Hong Kong billionaire Li Ka-shing’s Cheung Kong Infrastructure (CKI) raised $1.2 billion from the sale of an upsized perpetual bond on Monday, taking advantage of investors' ongoing search for yield at a time when Treasuries remain stuck near 50-year lows.
The fact that fixed-income analysts described the deal structure as "issuer friendly" appears to have had little impact on the scores of private banking investors who like perpetual bonds by strong investment grade names. As a result, the order book closed at the $2.6 billion level, prompting the issuer to raise the deal size from $1 billion to $1.2 billion.
Proceeds are being used to repay a $1 billion 6.625% perpetual bond that has a call option in March 2016. However, analysts believe CKI is unlikely to call the new perpetual, non-call five offering since it has a fixed-for-life structure rather than the traditional cliff structure, with a coupon step-up in year five.

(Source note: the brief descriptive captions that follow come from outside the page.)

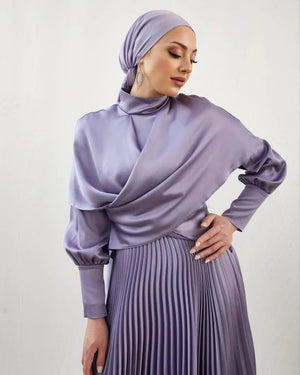 Rüya Lila Tesettür Abiye - FioraofDress - tesettur - abiye - 44 - LİLAA - hijab - evening - dress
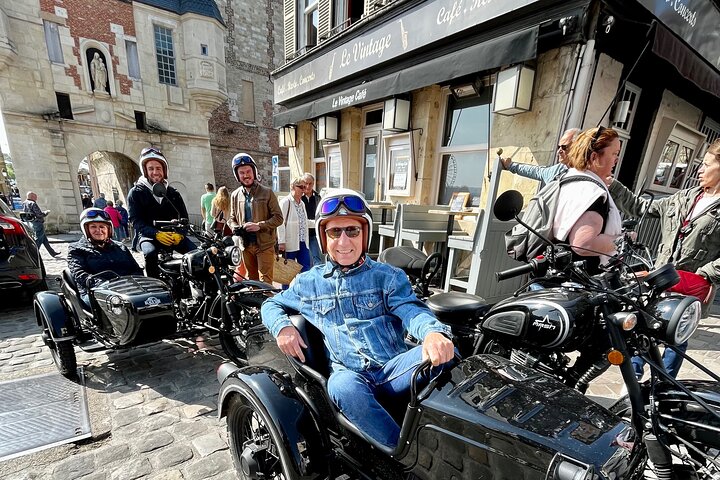 Half Day tour in Vintage Sidecar Motorcycle from le Havre or Honfleur - Image 2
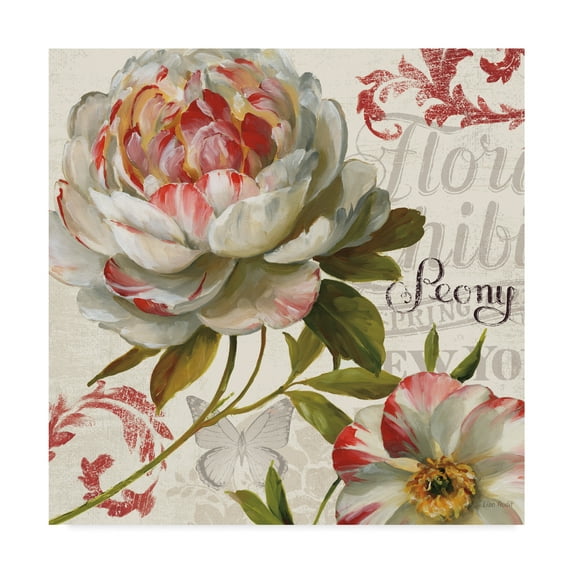 Trademark Fine Art 'Spring Flair III' Canvas Art by Lisa Audit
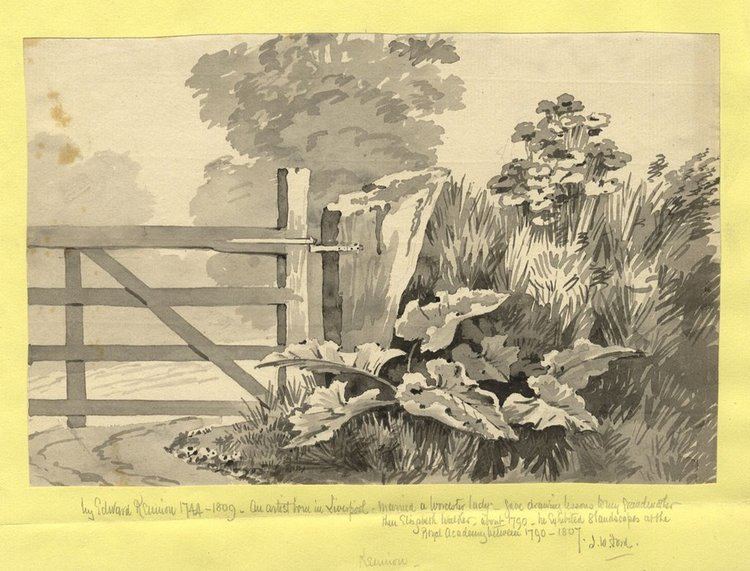 Edward Kennion Edward Kennion Gate and Hedgerow Early 19thcentury watercolour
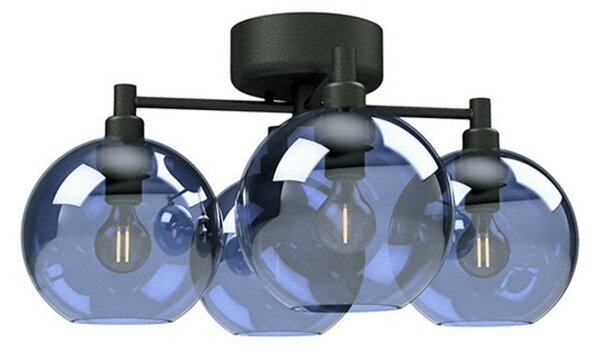 Stropní Lampa Belid, stmívatelné, Modrá, Obývací pokoj, Sklo
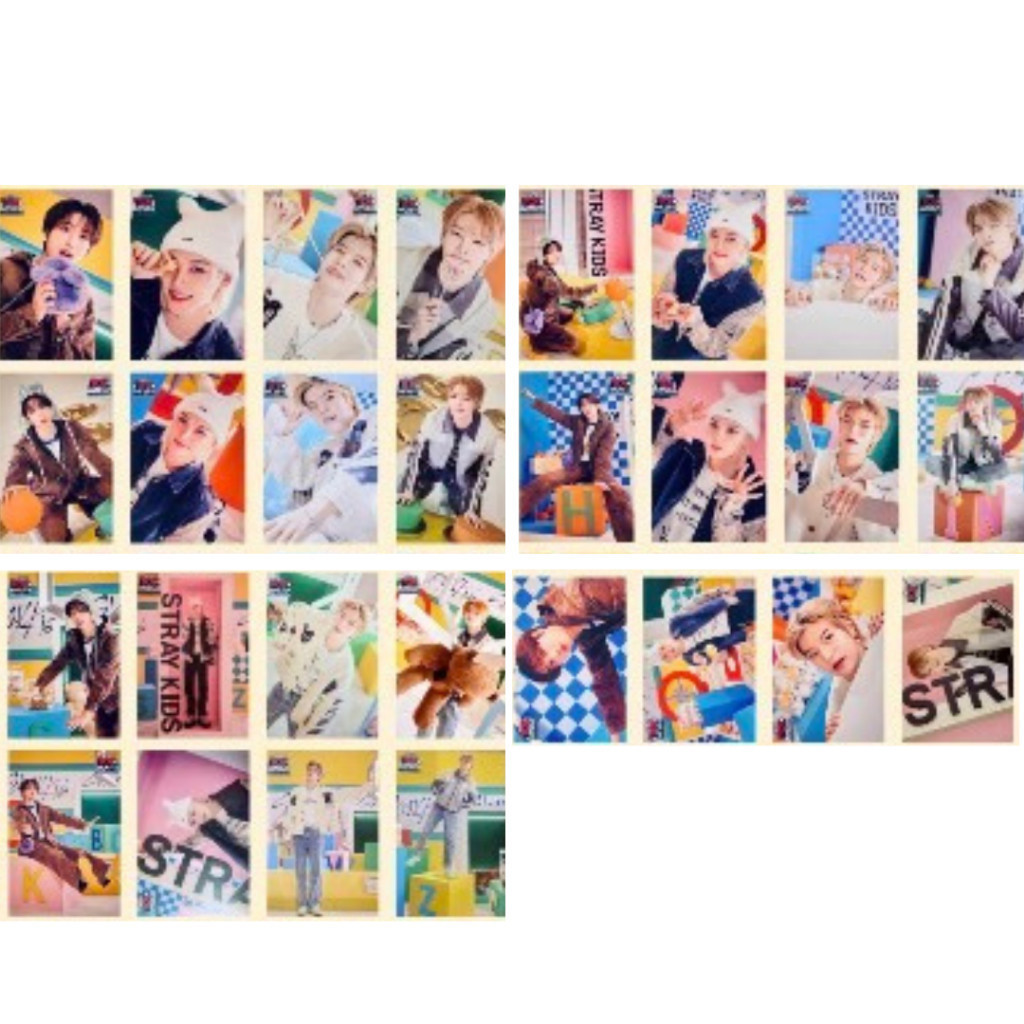 Stray kids พัดลมเชื่อมต่อการ์ดรูปภาพ SKZ TOY WORLD' ปี 2024 (สมาชิก 4 คน) / HAN FELIX SEUNGMIN I.N.
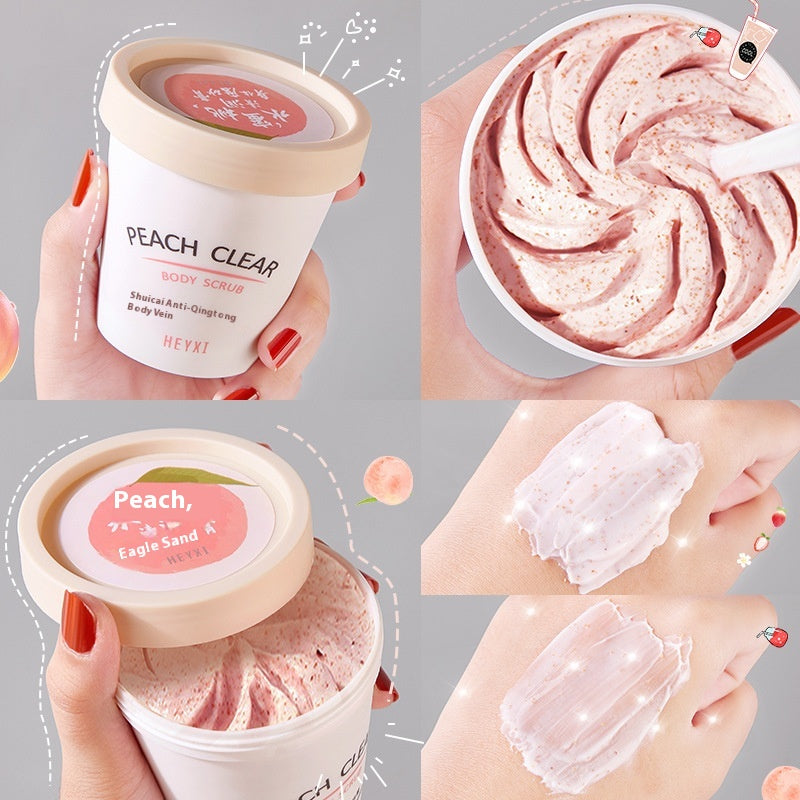 Heyxi Peach Moisturizing Body Scrub Cream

This makes the BBB rated deal very attractive from CKI’s point of view, as it has been able to lock in ultra-low funding. However, because the company has no incentive to call the bonds, investors could end up holding the asset in perpetuity.
What appears to be a high yield at a time of ultra low Treasury rates may not look quite so attractive if rates start rising as the Federal Reserve still hopes they will.
There is also no doubt the deal benefited from rarity value, with the Greater China primary market unusually quiet as borrowers re-finance their dollar-denominated debt in China's domestic bond market.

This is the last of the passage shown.